Luckily, CrateDB has several built-in mechanisms for unicast host discovery, also one for EC2. EC2 discovery uses the EC2 API to look up other EC2 hosts that are then used as unicast hosts for node discovery (see Unicast Host Discovery).
Note
Note that this best practice only describes how to use the EC2 discovery and its settings, and not how to set up a cluster on EC2 securely.
Basic Configuration¶
The most important step for EC2 discovery is that you have to launch your EC2
instances within the same security group. The rules of that security group must
at least allow traffic on CrateDB’s transport port (default 4300
). This
will allow CrateDB to accept and respond to pings from other CrateDB instances
with the same cluster name and form a cluster.
Once you have your instances running and CrateDB installed, you can enable EC2 discovery:
CrateDB Version |
Reference |
Example |
---|---|---|
>=4.x |
discovery.seed_providers: ec2
|
|
<=3.x |
discovery.zen.hosts_provider: ec2
|
To be able to use the EC2 API, CrateDB must sign the requests by using AWS credentials consisting of an access key and a secret key. Therefore AWS provides IAM roles to avoid any distribution of your AWS credentials to the instances.

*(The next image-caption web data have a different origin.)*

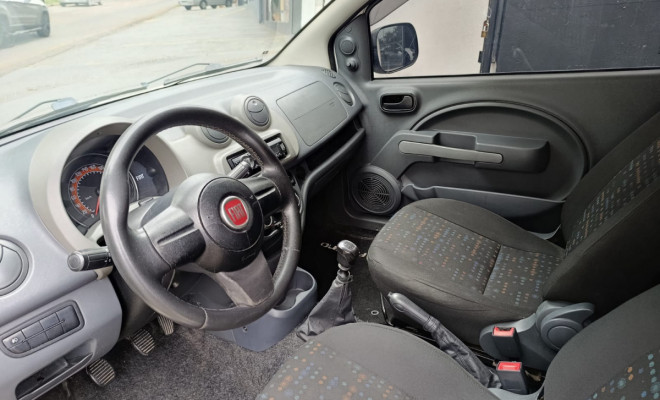 Fiat Fiorino Furgão EVO 1.4 Flex 8V 2p 2020 Flex-6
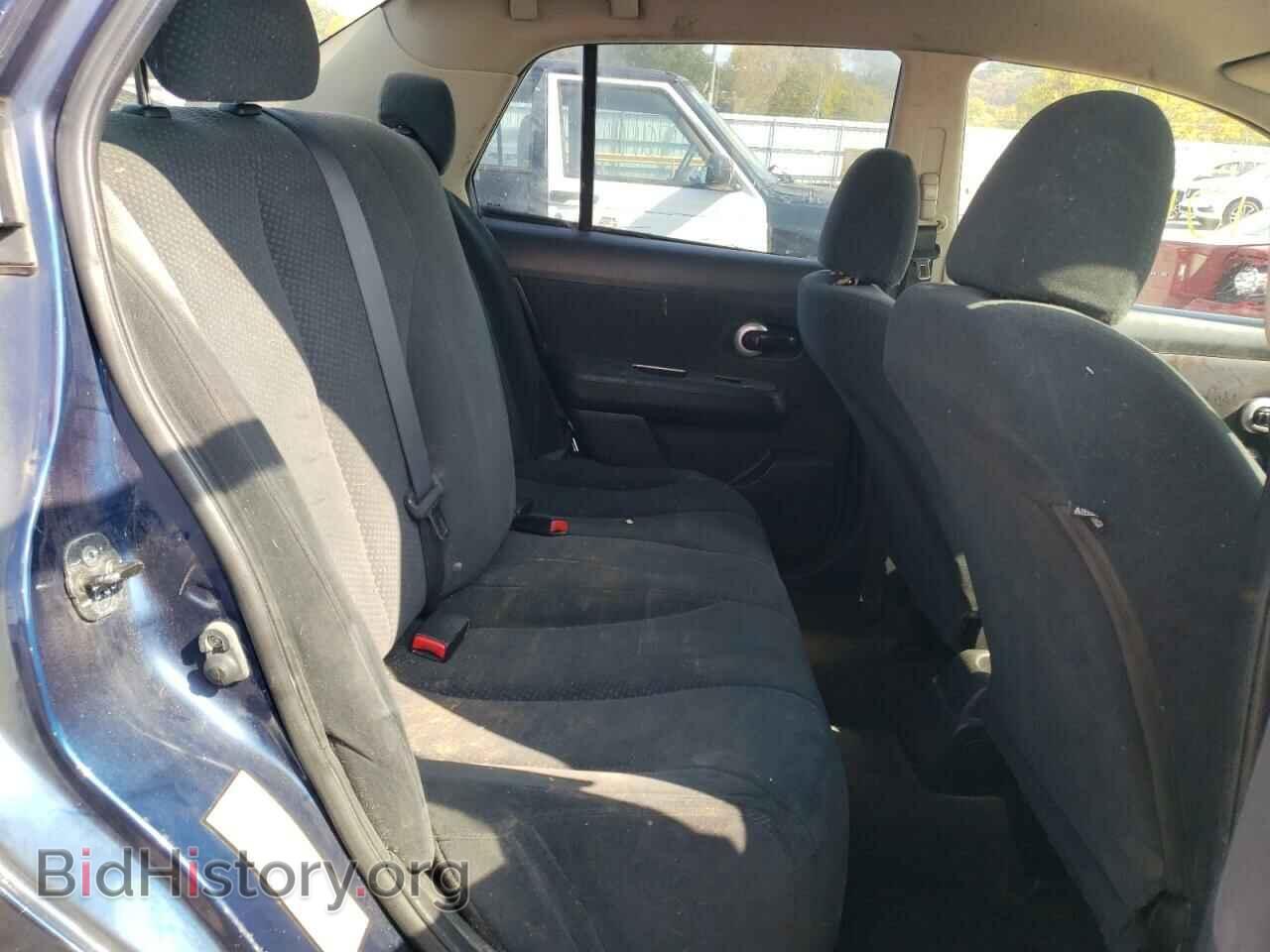 2011 NISSAN VERSA - VIN: 3N1BC1AP9BL454029 - Фото 6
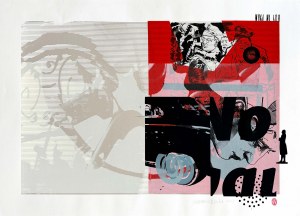 Wojciech TYBLOR-KUBRAKIEWICZ (1974), Boy in Pain; 2017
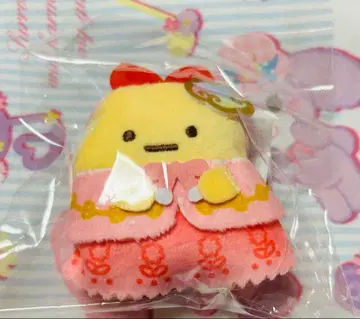 영화 스미코구라시 모후모후 다이컷 코인 케이스 새우튀김 꼬리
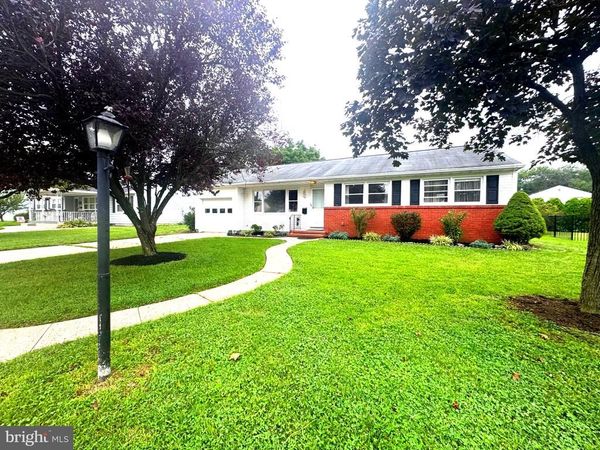 538 FORDHAM AVENUE , BURLINGTON, NJ 08016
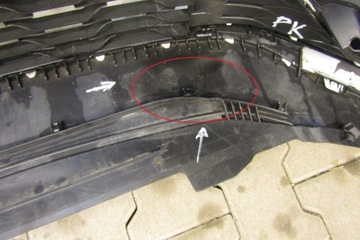 фото thumb №10, Бампер перед vw golf 7 vii 5g0 r-line рестайлинг 17-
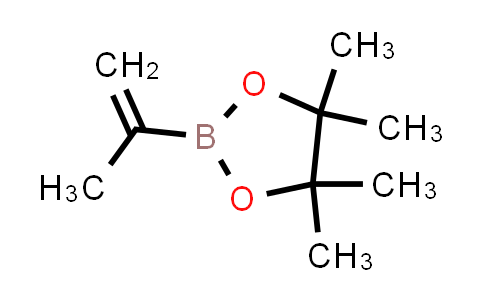 Isopropenylboronic acid pinacol ester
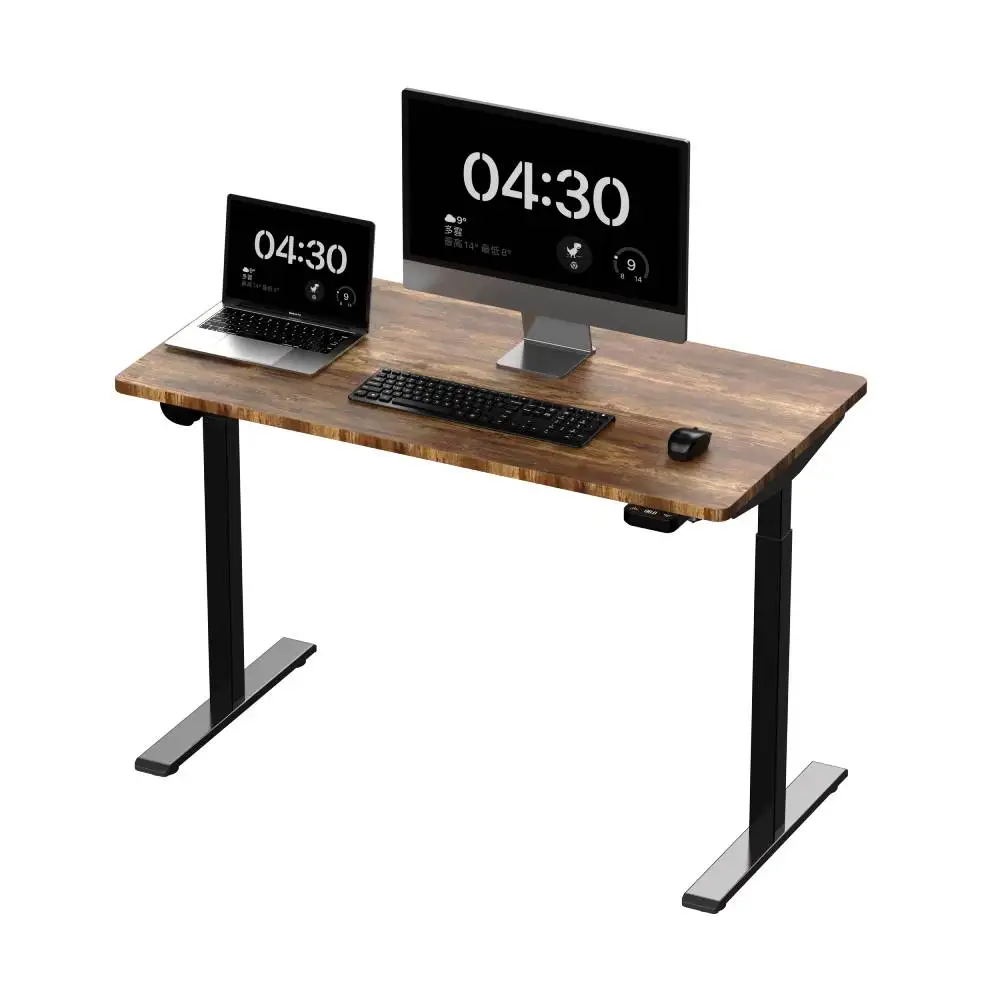 Modern Automatic small white desk office for home and office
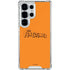 The Flinstones The Flintstones Outline Galaxy S25 Ultra Clear Case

CrateDB binds to the loopback interface by default. To get EC2 discovery working, you need to update the host setting, in order to bind to and publish the site-local address:
network.host: _site_
Authentication¶
For that, it is recommended to create a separate user that has only the necessary permissions to describe instances. First, you need to create an IAM role in order to assign the instances later on. This AWS guide gives you a short description of how you can create a policy via the CLI or AWS management console. An example policy file is attached below and should at least contain these API permissions/actions:
{
"Statement": [
{
"Action": [
"ec2:DescribeInstances"
],
"Effect": "Allow",
"Resource": [
"*"
]
}
],
"Version": "2012-10-17"
}
This policy allows the instances to find each other if they have been assigned to this role on startup.
Note
The same environment variables are used when performing COPY FROM
and
COPY TO
. This means that if you want to use these statements you’ll have
to extend the permissions of that EC2 user.
You could also provide them as system properties or as settings in the
crate.yml
, but the advantage of env variables is that also
COPY FROM/TO
statements use the same environment variables.
Note
Note that the env variables need to be provided for the user that runs the
CrateDB process, which is usually the user crate
in production.
Now you are ready to start your CrateDB instances and they will discover each other automatically. Use the AWS CLI or the AWS Console to run instances and assign them with an IAM role. Note that all CrateDB instances of the same region will join the cluster as long as their cluster name is equal and they are able to communicate to each other over the transport port.
Production Setup¶
For a production setup, the best way to filter instances for discovery is via
a security group. This requires that you create a separate security group for
each cluster and allow TCP traffic on transport port 4300
(or other, if set
to a different port) only from within the group.
Since the instances that belong to the same CrateDB cluster have the same security group then, you can easily filter instances by that group.
For example, when you launch your instances with the security group
sg-crate-demo
, your CrateDB setting would be:
discovery.ec2.groups: sg-crate-demo
The combination with the unique cluster name makes the production setup very simple yet secure.
See also discovery.ec2.groups.
Optional Filters¶
Sometimes, however, you will want to have a more flexible setup. In this case, there are a few other configuration settings that can be adjusted.
Filter by Availability Zones¶
A third possible way to filter instances is via availability zones. Let’s say
you have several clusters for the same tenant in different availability zones
(e.g. us-west-1
and us-west-2
), you can launch the instance with the
same security group (e.g. sg-crate-demo
) and filter the instances used for
discovery by availability zone:
discovery.ec2:
groups: sg-crate-demo
availability_zones: us-west-1
See also discovery.ec2.availability_zones.